In this study, I aimed to create a one-stop solution for a tablet desk stand that is highly adjustable, portable, and adaptable to any situation. The design and structural optimization were achieved using parametric modeling and finite element analysis (FEA), focusing on reducing Von Mises stress and minimizing mass while maintaining stability and ergonomic flexibility. My approach involved iterative parametric design adjustments combined with theoretical force calculations based on Kinematics and Dynamics of Machinery principles, particularly focusing on the open chain mechanism of robotic arms.

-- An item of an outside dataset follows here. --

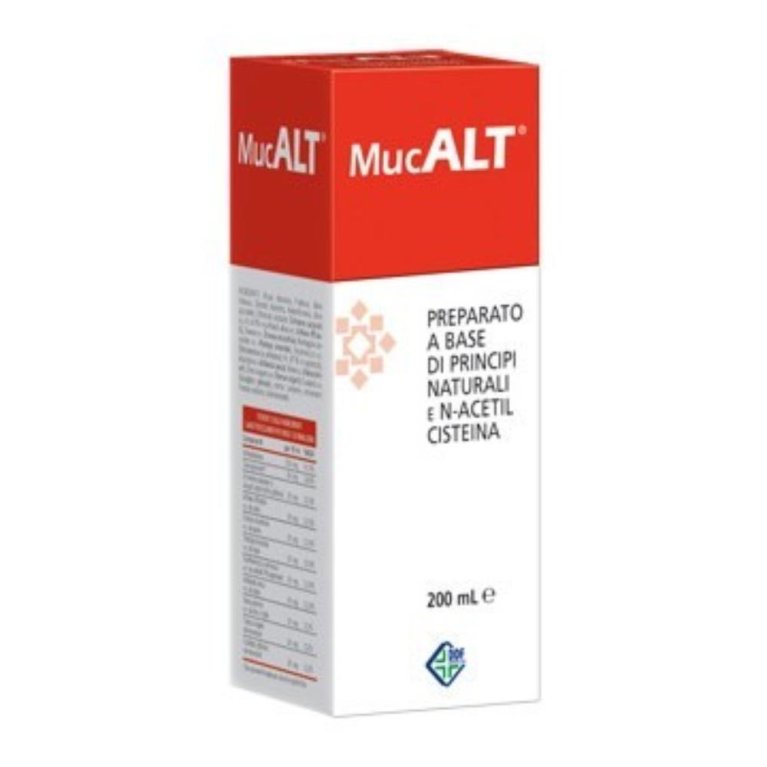 MUCALT 200ML MUCALT 200ML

Through multiple concept iterations, we systematically addressed structural integrity, material efficiency, and usability challenges. The final design offers superior multi-axis freedom, optimized load distribution, and minimal displacement, providing robustness

Novelty And Approach

The design concept evolved through three distinct iterations, each addressing unique functional and structural challenges. By integrating insights from each iteration, we aimed to achieve an optimal balance between adjustability, stability, and portability.

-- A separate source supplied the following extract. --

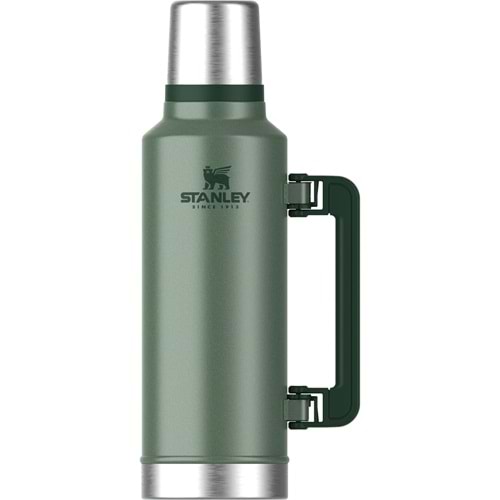 Stanley Classic Bottle 1,9 L yeşil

• Concept Design 1 — Foldable Laptop Stand

Inspiration:
This initial concept was inspired by the design of a generic laptop stand, known for its simplicity and portability. The foldable mount provided adjustable angles for comfort and easy storage, which made it ideal for compact work environments.

Key Features:

• Adjustable Angles: Allowed users to modify viewing angles for ergonomic convenience.
• Foldable Mount: Enabled easy storage and portability.

Limitations:
While the design effectively addressed portability, it lacked the flexibility to accommodate diverse positioning requirements. The limited degree of freedom and absence of height adjustment restricted its applicability in dynamic use cases. This realization prompted a shift towards exploring more versatile mechanisms.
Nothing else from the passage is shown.